YOUR TASK> What you output must match the entries exactly, apart from the pictures, which are left out.

--

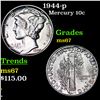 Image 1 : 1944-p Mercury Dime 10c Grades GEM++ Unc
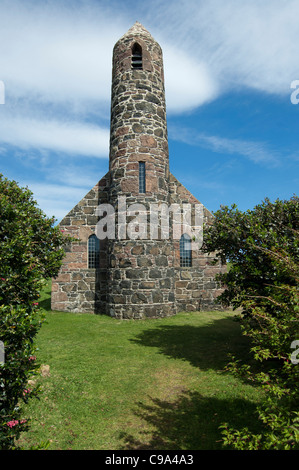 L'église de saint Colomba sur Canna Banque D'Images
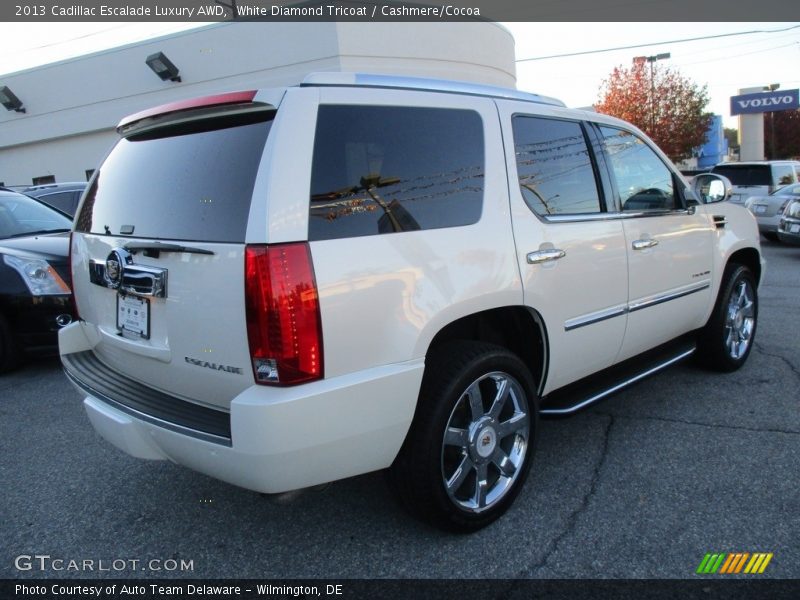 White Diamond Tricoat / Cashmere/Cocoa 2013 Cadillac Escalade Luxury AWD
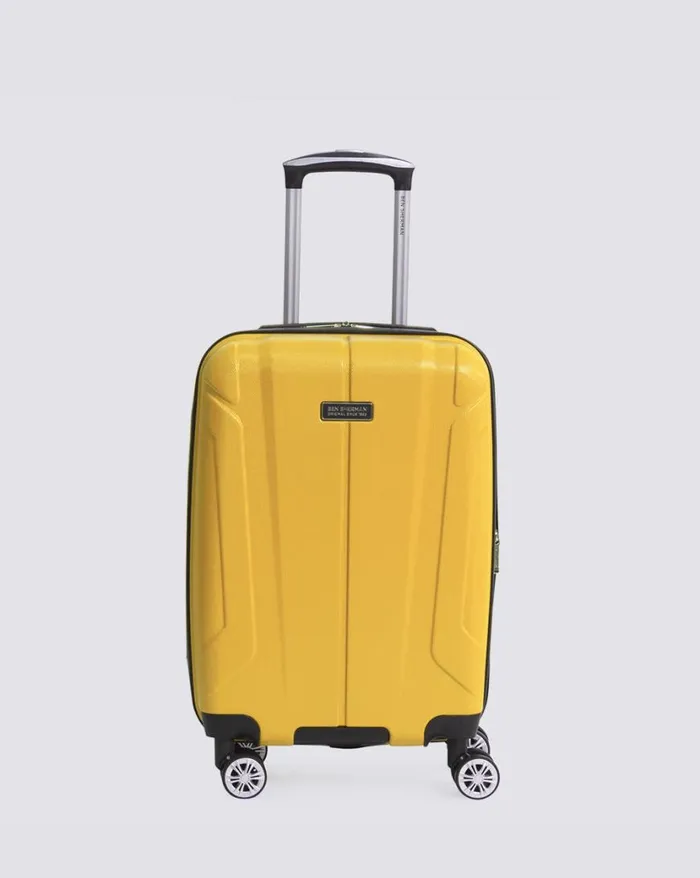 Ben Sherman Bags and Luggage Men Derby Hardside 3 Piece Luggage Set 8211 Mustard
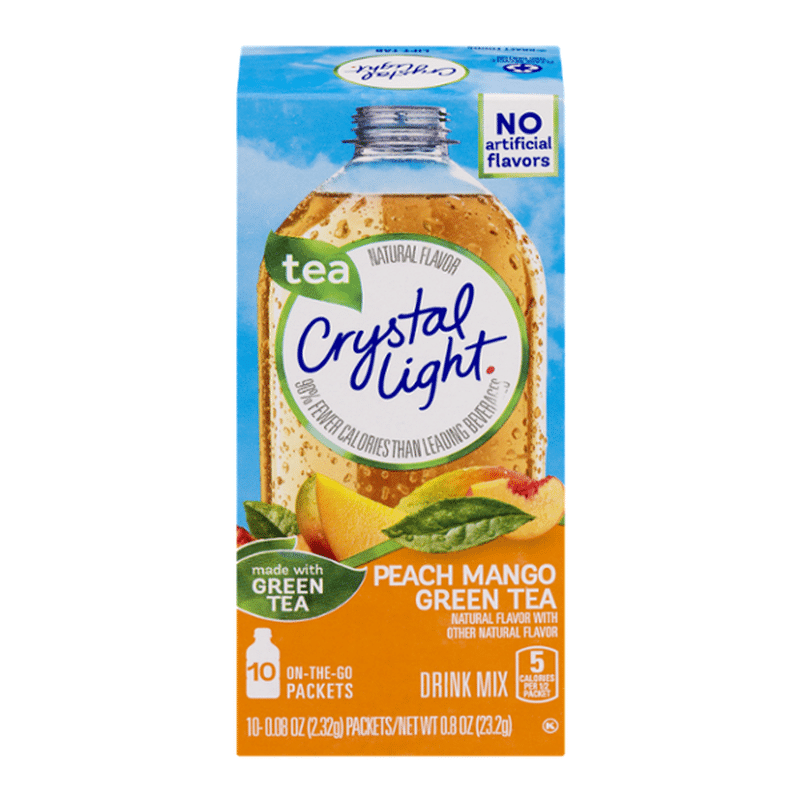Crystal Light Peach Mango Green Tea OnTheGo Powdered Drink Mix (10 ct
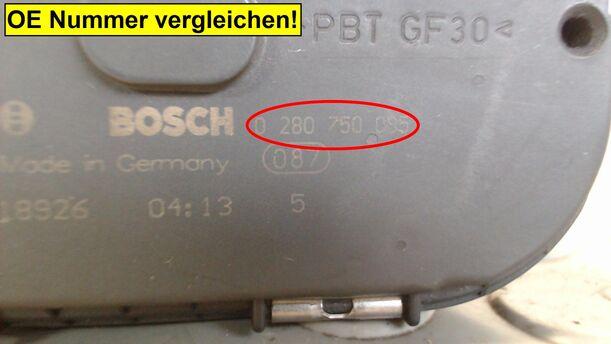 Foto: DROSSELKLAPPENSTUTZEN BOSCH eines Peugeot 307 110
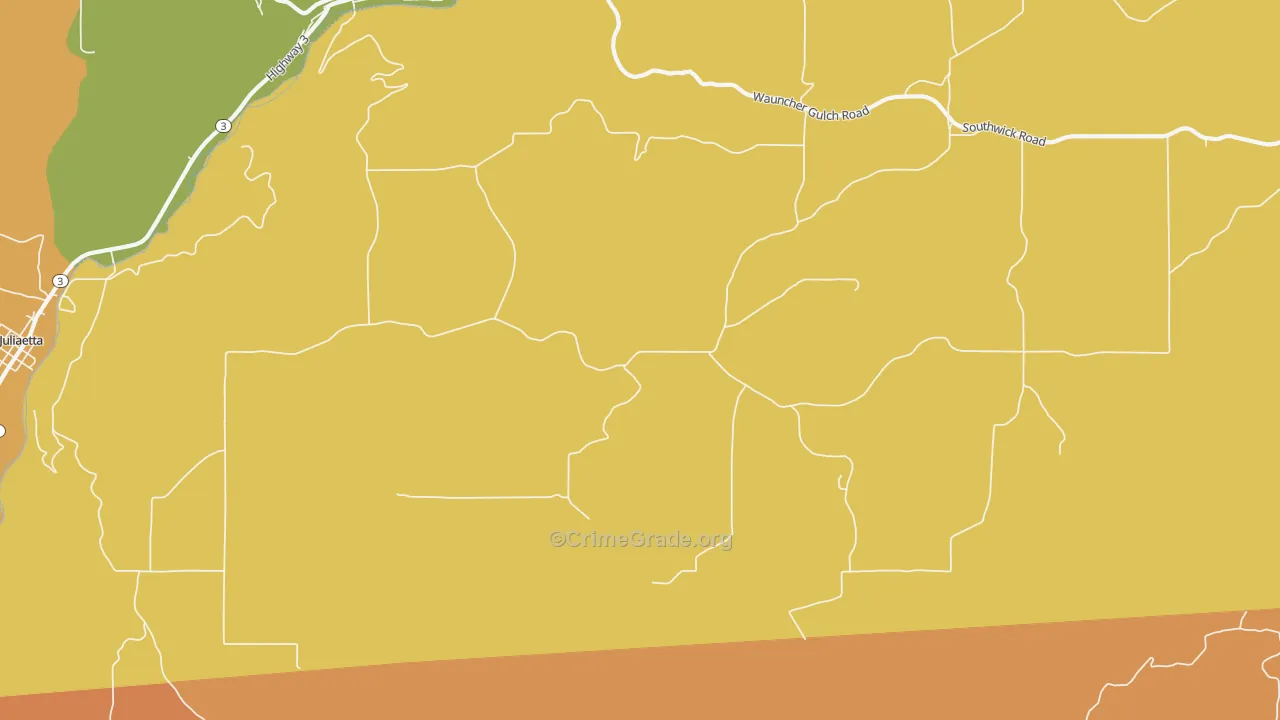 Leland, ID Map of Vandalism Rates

--

RESULT OF THE EXERCISE>
 Image 1 : 1944-p Mercury Dime 10c Grades GEM++ Unc
 L'église de saint Colomba sur Canna Banque D'Images
 White Diamond Tricoat / Cashmere/Cocoa 2013 Cadillac Escalade Luxury AWD
 Ben Sherman Bags and Luggage Men Derby Hardside 3 Piece Luggage Set 8211 Mustard
Crystal Light Peach Mango Green Tea OnTheGo Powdered Drink Mix (10 ct
 Foto: DROSSELKLAPPENSTUTZEN BOSCH eines Peugeot 307 110
 Leland, ID Map of Vandalism Rates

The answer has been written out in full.